The number twelve was both intimidating and painfully doable to me. Just twelve pages, I kept telling myself. Eventually, my thumb-sketching became my drawing and I just focused on telling a story. My concentration wasn’t all that great the entire time. Sometimes my mind wandered and I got tired. It became painfully apparent to me after a while, even after I ate the food that I brought akin to breakfast, that I needed to get something to eat or the only thing I would be writing would be ellipses. Sometimes I can power through creating something and then dealing with my body afterwards, but on that summer day on Saturday it was a bad idea.

At one point, at about the beginning of page five, I walked out of the Lounge and down Little Italy to find some more food. It was beautiful out. People were dressed in colourful light clothing and talking and holding hands at outdoor cafes. I admit I’d been watching them outside the window above the couch anyway when I needed to get up. I even walked past Euclid Avenue and realized that the Dragon Lady that I visited with some friends a few years ago had been here. By the time I got past Sneaky Dees, I was feeling nostalgic in this familiar summer setting of everything. Then I ate some food as I came back and talked a bit more with people.

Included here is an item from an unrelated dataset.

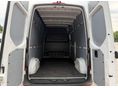 MERCEDES-BENZ SPRINTER 2023/7 - 9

Of course, by then it was too late and I began to realize that I had the beginnings of a headache. Luckily, I brought my regular strength Tylenol with me: just to be sure. Of course, now–for me–I was going to be working with a handicap. My mind was really drifting and I vowed to myself that I was going to at least get to page six of my work before doing anything else: to get halfway done. Neil Gaiman did not succeed in finishing his 24-hour comic, but I could succeed in drawing and writing twelve bloody pages!

Then I somehow got to seven and at that point I had gotten fed up, took some more business cards, talked to some people, and gave them out. Then I browsed the comics because, after all, this was a bloody comics store and it was my duty to do so. At this point, my Second Wind kicked in in a terrifying sort of way. So I sat down and after telling someone else I was going to do this, I did.

The thing is: this story had been in my head for a while that day–with other elements of it being in there for much longer–and I wanted it out. I wanted to finish what I started and have, in my hands, something to be proud of. And then seven pages became eight, and nine … by the time I got to the double digits, I knew I was going to do it. I just began drawing as basically as possible, not really caring about too many inaccuracies such as who was on the left or right, but just getting it out.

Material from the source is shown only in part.